Don't Bother with Vibe Coding

Definition and Perception of “Vibe Coding”

  • Thread notes that “vibe coding” originally meant letting an LLM write nearly all the code, “accept all” changes, barely reading diffs, and poking it with error messages until things run.
  • Several commenters are confused by the term and distinguish it from normal AI-assisted coding (autocomplete, rubber-ducking, targeted snippets).
  • Some feel the article and critics are overreacting to a meme or buzzword; others think using it seriously in job posts or academia makes those institutions look unserious.

Reactions to the YC “Vibe Coder” Job Ad

  • The Domu “Vibe Coder / AI Engineer” listing gets heavy criticism: long (12–15 hour, including weekends) days, low/now-raised pay, onboarding via making debt-collection calls, and “50%+ of your code written by AI” as a hard requirement.
  • Many initially thought it was parody; others see it as VC/hype theater rather than a serious engineering role.
  • The product focus—automated debt-collection voice calls—is widely described as dystopian and “vomit inducing,” with worries about harassment and even suicides.
  • The post is taken as emblematic of exploitative, bro-ish startup culture and of YC backing “shitty people,” though some think pile-ons are unproductive.

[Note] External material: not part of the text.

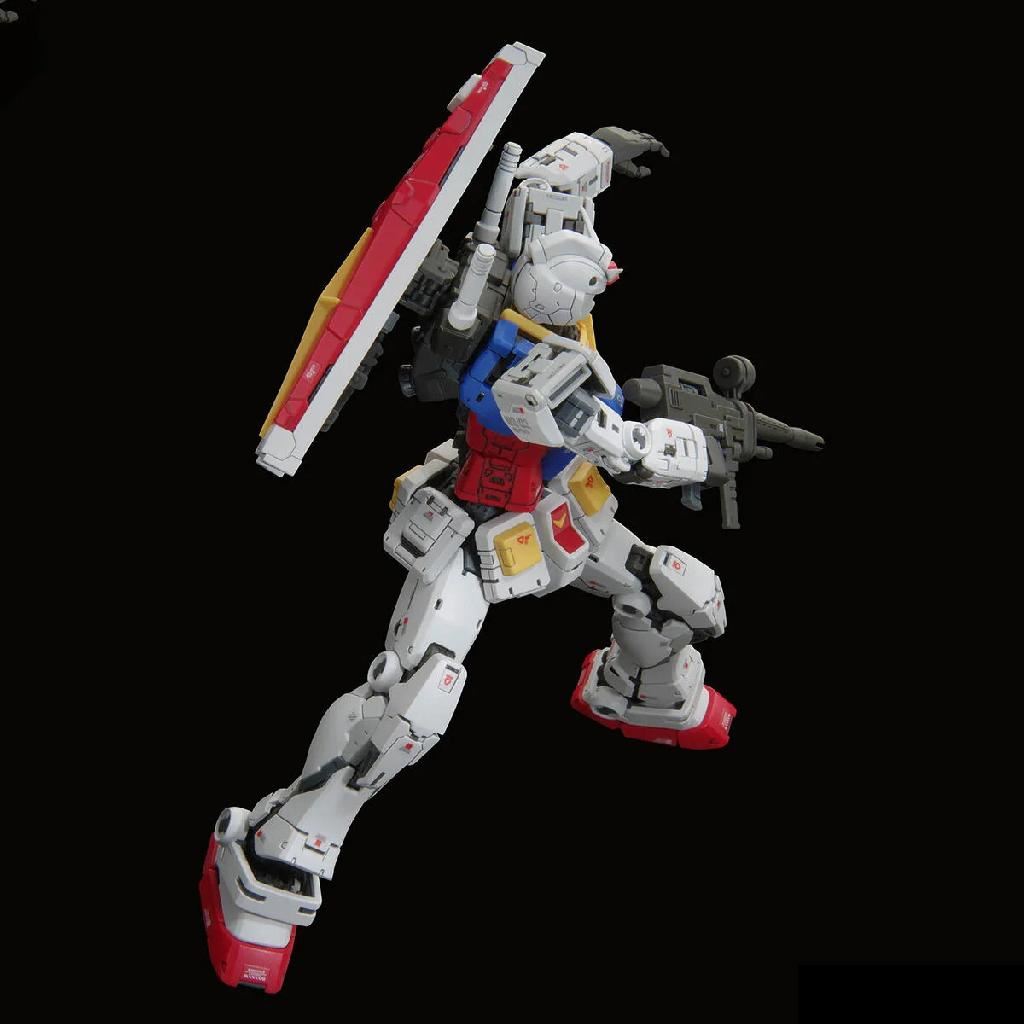 Bandai Hobby Rg 1/144 Rx-78-2 Gundam Version 2.0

Where Vibe Coding Might Fit

  • Broad agreement that “pure” vibe coding is acceptable for: prototypes, weekend projects, solo demos, small internal tools, and low-stakes glue code.
  • Several note that for these, AI assistants are genuinely “life-changing,” drastically lowering activation energy.

AI-Generated Code Quality and Limits

  • One camp claims they can have tools like Cursor/Gemini/Claude generate large amounts of SOLID, tested, production-ready code indistinguishable from their prior work, with humans mainly reviewing and prompting.
  • Skeptics doubt this, arguing that fully AI-driven codebases are bloated, miss non-obvious constraints (security, performance, compliance), and break down on maintenance and bugfixing.
  • Many say LLMs often fail at “fix this existing complex code” tasks; maintenance is where real engineering value lies.

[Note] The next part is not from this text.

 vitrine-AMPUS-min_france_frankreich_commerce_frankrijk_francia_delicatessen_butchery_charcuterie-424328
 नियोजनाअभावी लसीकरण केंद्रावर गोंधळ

Professional Engineering vs. Hype and Career Pressure

  • Commenters stress that “coding” is the easy part; the hard parts are infra, CI/CD, ownership, testing, documentation, long-term support—areas where LLMs can help but don’t replace judgment.
  • Some argue seniors must master AI-assisted workflows or fall behind; others counter that no single skill is that urgent and warn against panic and hype-chasing.
  • Overall sentiment: AI tools are real and powerful, but “vibe coding” as “AI takes the wheel” is risky beyond small, disposable projects.